Ubud is one familiar word when you think of Bali instantly.  This major tourism attraction in Asia has became the new icon of spiritual tourism landmark. The beauty of nature, the arts, and the peaceful atmosphere make many people fall in love with this place. This upland town is best known as the island’s artistic and cultural capital, and it’s where most visitors go to when they’ve had enough of the sun, sea and sand of Bali’s popular beaches. What Ubud lacks in coastlines, it makes up for with green valleys and adventures into nature, as well as vibrant historical sites and an eclectic shopping scene.

The Early History of Ubud

In many ways, the history of the Ubud is the very history of Bali itself.

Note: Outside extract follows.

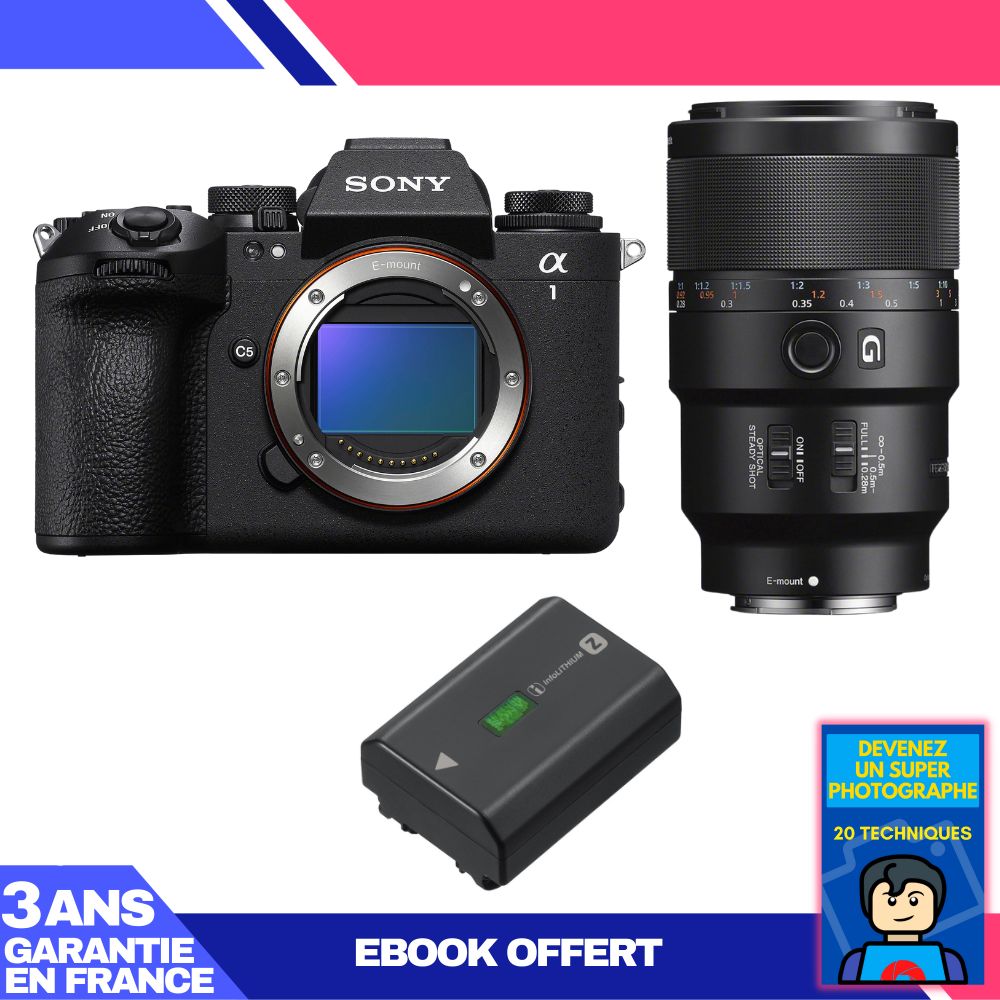Sony Alpha 1 II Body + FE 90mm f/2.8 Macro G OSS Lens + Sony NP-FZ100 Battery + 'Become a Super Photographer' Ebook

Ubud has a recognized history back to the 8th century, when the Javanese Hindu priest Rsi Markandya concerned Bali from Java, and meditated at the confluence of the 2 Wos rivers at Campuan, just west of the contemporary town center. A shrine was established and later broadened by Nirartha, the Javanese priest who is related to as the founder of Bali’s religious traditions and routines as we understand them today. At this time the area was a center of alternative medicine and healing, which is how the name Ubud started: Ubad is ancient Balinese for medicine.

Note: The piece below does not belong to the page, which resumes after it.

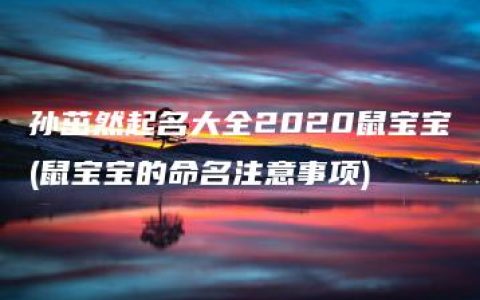 孙茁然起名大全2020鼠宝宝(鼠宝宝的命名注意事项)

Additional temples and abbeys were developed over the next 400 hundred years approximately. The temple complex at Gunung Kawi and the cave temples at Goa Gajah are architectural remains from this duration. Much of the dances, drama, and routines still practiced in Ubud today, came from at this time. King Airlangga ordered all of Java and Bali in this period, and his seat of federal government lay in exactly what is now the village of Batuan, simply southeast of Ubud.

The Javanese Majapahit kingdom conquered Bali in 1343, and the key final victory was against the Pejeng Dynasty centred at Bedulu, just to the east of Ubud. A great flowering of Balinese culture followed, and the ancestry of Ubud’s current day aristocratic families can be traced back to this period. In the sixteenth Century, there was a total transplantation of the Majapahit Kingdom to Bali as the Islamisation of Java forced them eastwards.

In 1900, Ubud became a Dutch protectorate at its own request, and the colonialists interfered little, allowing the traditional arts and culture of the area to remain relatively unchanged. The modern era of Ubud perhaps began in the 1930s, when foreign artists were encouraged by the royal family to take up presence in the town. From the 1960s onwards, travellers started to arrive in earnest, mostly intrepid types as the infrastructure was still very limited indeed. Since then, Ubud has developed rapidly into a high-profile, top-class international destination, whilst still maintaining its integrity as the centre of Balinese art and culture.